Most people think that the first operational discussions the ICRC ever had with the US were those that took place in the aftermath of 9/11. Not so. Our first delegation in Washington D.C opened its doors in 1941.
As war starts in Europe in September 1939, there are no ICRC delegates in the United States. Negotiations and the active support of American Red Cross President Norman Thomas result in the US government authorizing the ICRC to open a permanent representation in the country in March 1941. Marc Peter, a former Swiss diplomatic envoy to the United States, becomes the first ICRC permanent representative in the United States. Peter resides in Boston when Geneva HQ approaches him. He moves to Washington soon after taking up his functions. In September 1941, Peter appoints as his deputy his nephew Georges-Henri Martin, later to become a well know Geneva reporter and commentator. Both men immediately work to develop a network of interlocutors in the capital, including at the Department of State. Swiss national radio announces the official opening of the ICRC delegation on 20 December 1941, 13 days after the attack on Pearl Harbor. Operating out of a suite at the Shoreham Hotel, in Rock Creek Park, Peter and Martin set about their first task – to arrange for the purchase of relief goods for Allied, German and Italian prisoners of war and civilian internees held in various theatres of operations throughout Europe, Asia and North Africa.
As the involvement of the United States in the war deepens, the delegation in Washington expands, as ICRC delegations are bound to do during wars. Now installed in a permanent office at 2500 Q Street, NW – and using the telex address Intercross for their correspondence with HQ – Peter and his nephew negotiate with the US government for German, Italian and Japanese prisoners of war and civilian internees on American soil to receive the protection they are entitled to. Peter personally visits POWs and civilian internees in the many camps rapidly built across the country. Geneva sends additional delegates in early 1942 to assist the two men. Peter also hires several American staff. As citizens of a party to the conflict, they do not visit camps with their Swiss colleagues but play an essential role, as is the case in every ICRC action, in ensuring that the operation runs smoothly. The delegates Werner Bubb, Alfred Cardinaux, Charles Huber, Paul Schnyder and Max Zehnder visit POWs and civilian internees throughout the country, from Ellis Island to Malibu, CA. The Washington delegation works closely on humanitarian issues with the State Department, the War Department, the War Refugee Board and the US administration at large. Among other things, our men in DC – there were no women delegates at that time – work to soften the economic blockade put in place by the US and the UK to facilitate the shipment of relief goods for civilian victims of war in the countries occupied by Axis powers.

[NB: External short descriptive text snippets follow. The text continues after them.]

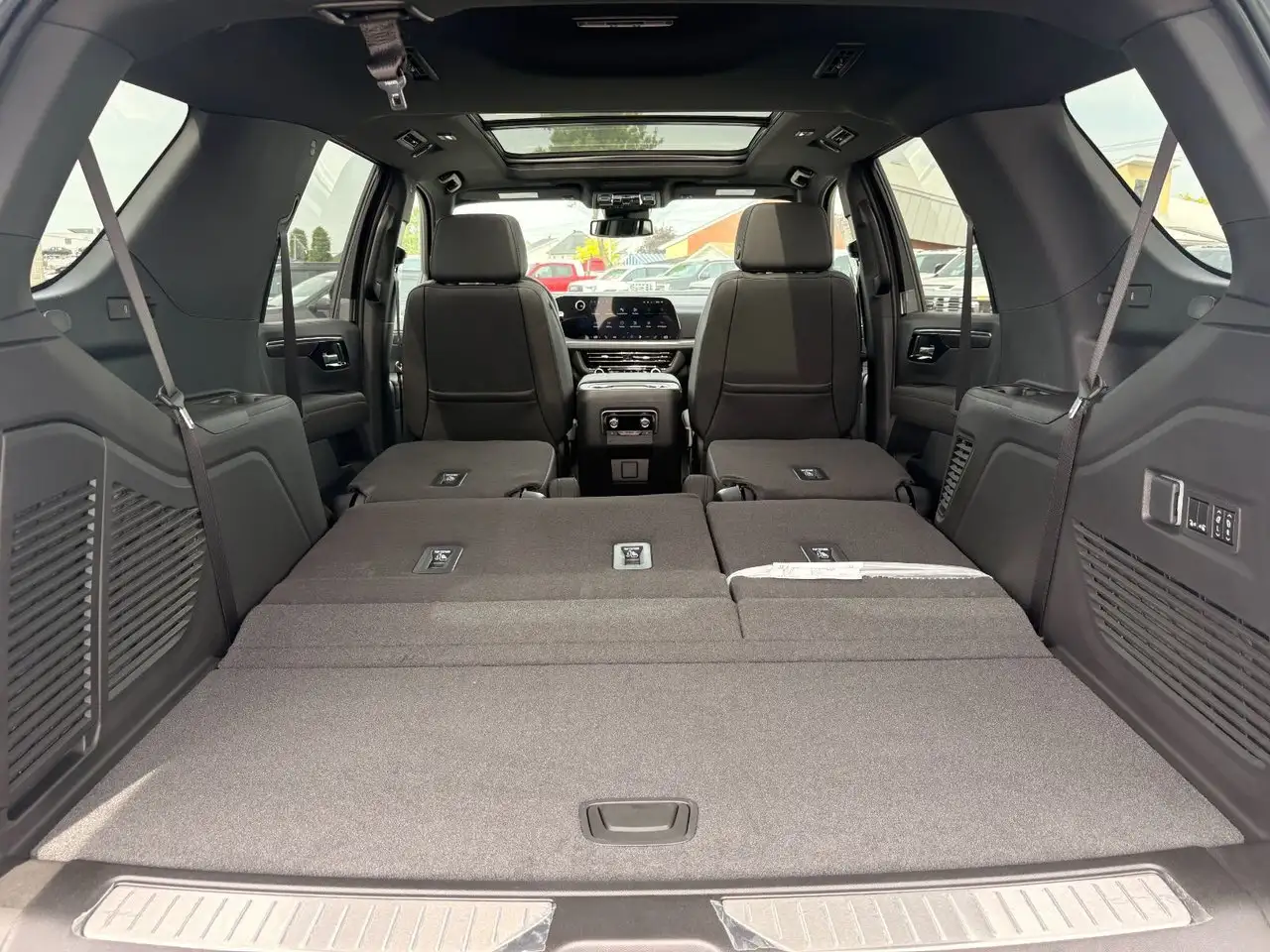 Chevrolet Tahoe снимка Chevrolet Tahoe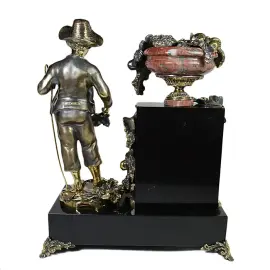 Каминные часы "Виноградарь" (креноид, долерит)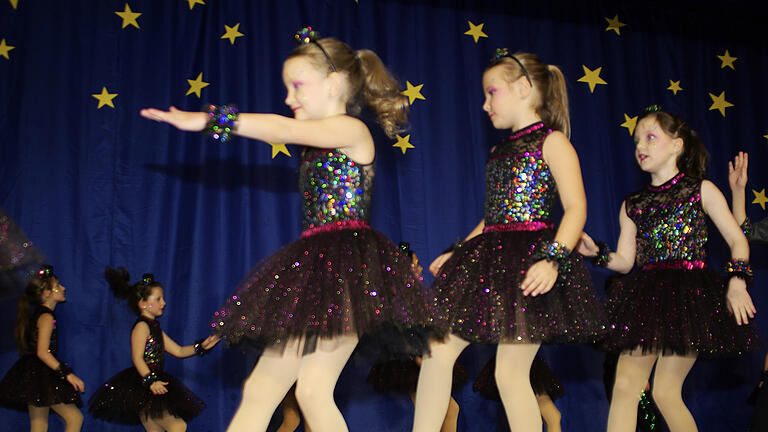 Fasching Fuchsstadt       -  Die Mädchen des Kinderballetts standen den Jungs nicht nach und zeigten eine viel beklatschte Vorstellung.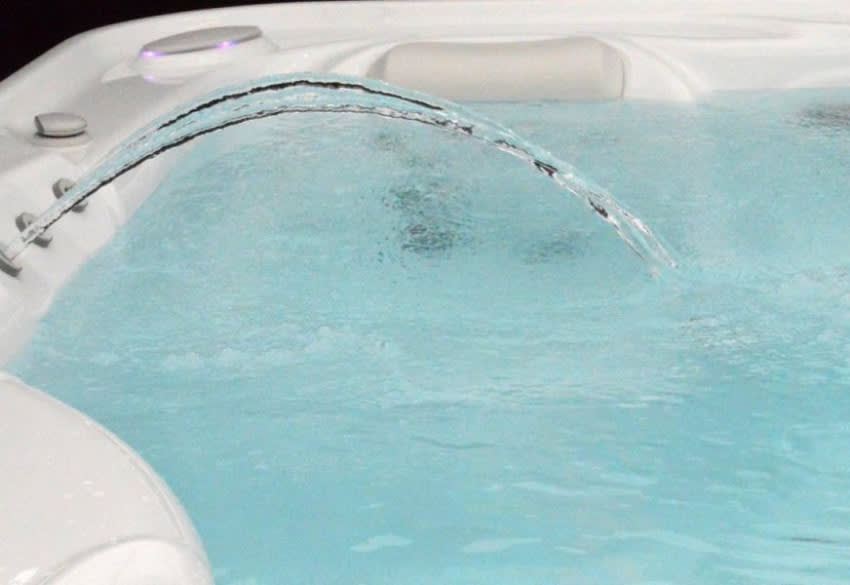 lodges with hot tubs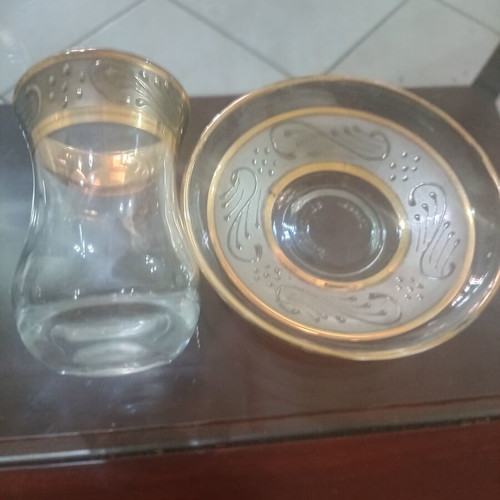 Turkish tea set unused with gold decoration, 6 glasses and 6 plates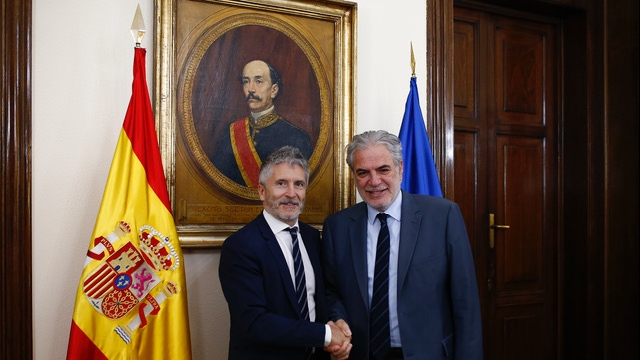 Fernando Grande-Marlaska, con el comisario europeo de Ayuda Humanitaria y Gestión de Crisis, Chrystos Stylianides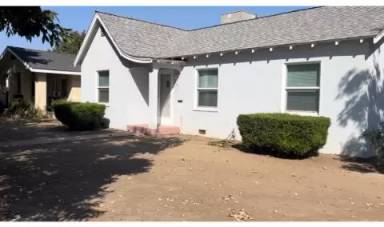Main picture of 445 E Merced St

A priority for Peter and his team throughout the period is to keep tabs on the situation of American prisoners and civilian internees held by Fascist Italy, Nazi Germany and Imperial Japan. ICRC colleagues working in-theatre carry out hundreds of detention visits throughout the war to monitor the conditions of detention of both US POWs and civilians internees and to deliver family news and thousands of relief packages. The Washington delegation also works with the World Jewish Congress and the American Jewish Joint Distribution Committee to develop a relief action for Jews persecuted by the Nazi regime and its allies.
At the end of World War II, the delegation focuses on the repatriation of Axis prisoners and internees held on US soil. In 1944, the Nobel Committee awards the ICRC a second Nobel Peace Prize for its humanitarian contributions, despite its failure to denounce the Holocaust as it was taking place. The first incarnation of ICRC Washington finally closes its doors in 1947. Not the end of our relationship with the US government, but the end of a defining era no doubt.